[Caption-style text data]

● ● ● ● ● ● ●

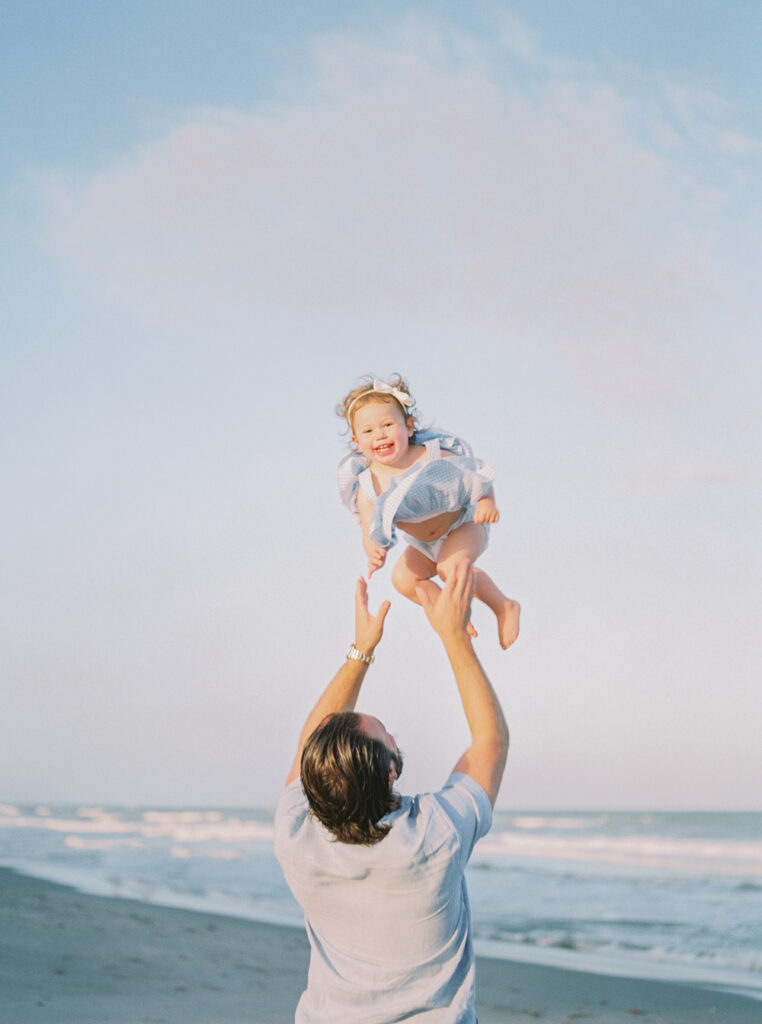 A light filled family beach session by Orlando lifestyle photographer. 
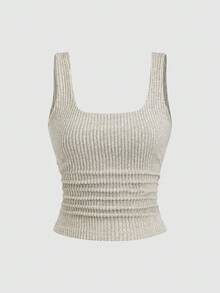 Sweetra مجموعة 2 قطعة من الفساتين الكاجوال ذات الياقة المستديرة المحبوكة، بلون المشمش والبني الداكن، للخريف - متعدد الألوان - مشاهدة 4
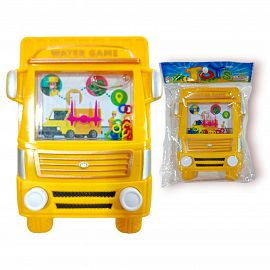 JUEGO DE AGUA CON FORMA DE COLECTIVO EN BOLSA 13CM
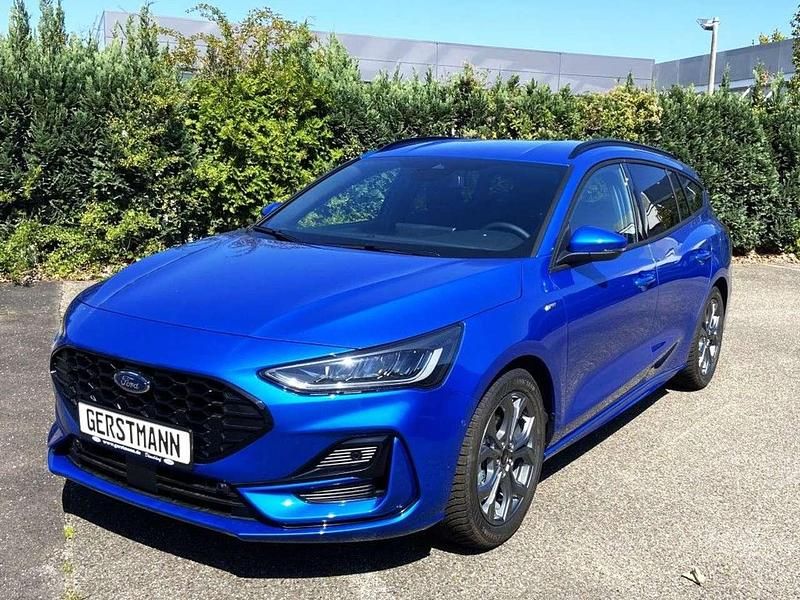 Neu Ford Focus ST-Line 125 PS (91 kW) 2025 Desert island blue metallic Kombi
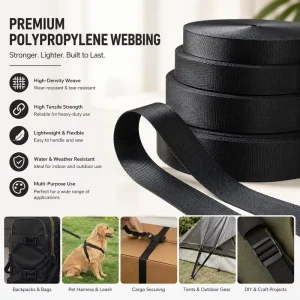 Factory 1.5cm 2cm Striped Herringbone Embroidered High Tenacity 100% Polyester Webbing Bags Shoes Home Textile Garment
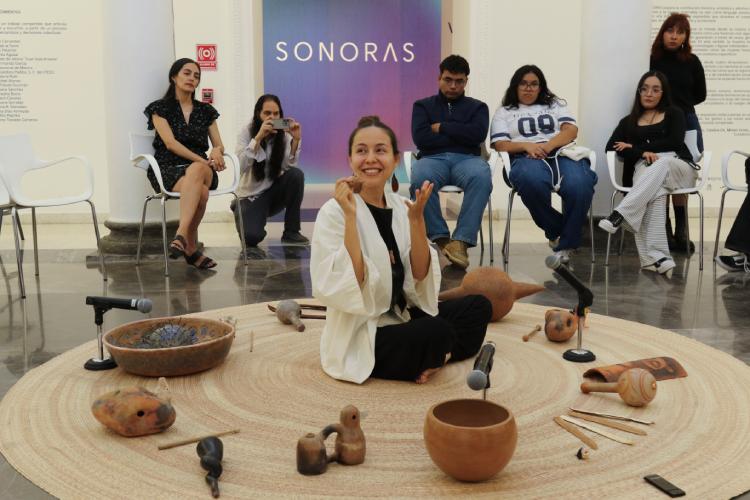 Muestra “Sonoras” rescata la memoria sonora prehispánica de Jalisco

● ● ● ● ● ● ●

Task description: Repeat exactly and only the lines from the one holding "Factory 1.5cm 2cm" through the final line of the entries; no pictures.

Task response:
 Factory 1.5cm 2cm Striped Herringbone Embroidered High Tenacity 100% Polyester Webbing Bags Shoes Home Textile Garment
 Muestra “Sonoras” rescata la memoria sonora prehispánica de Jalisco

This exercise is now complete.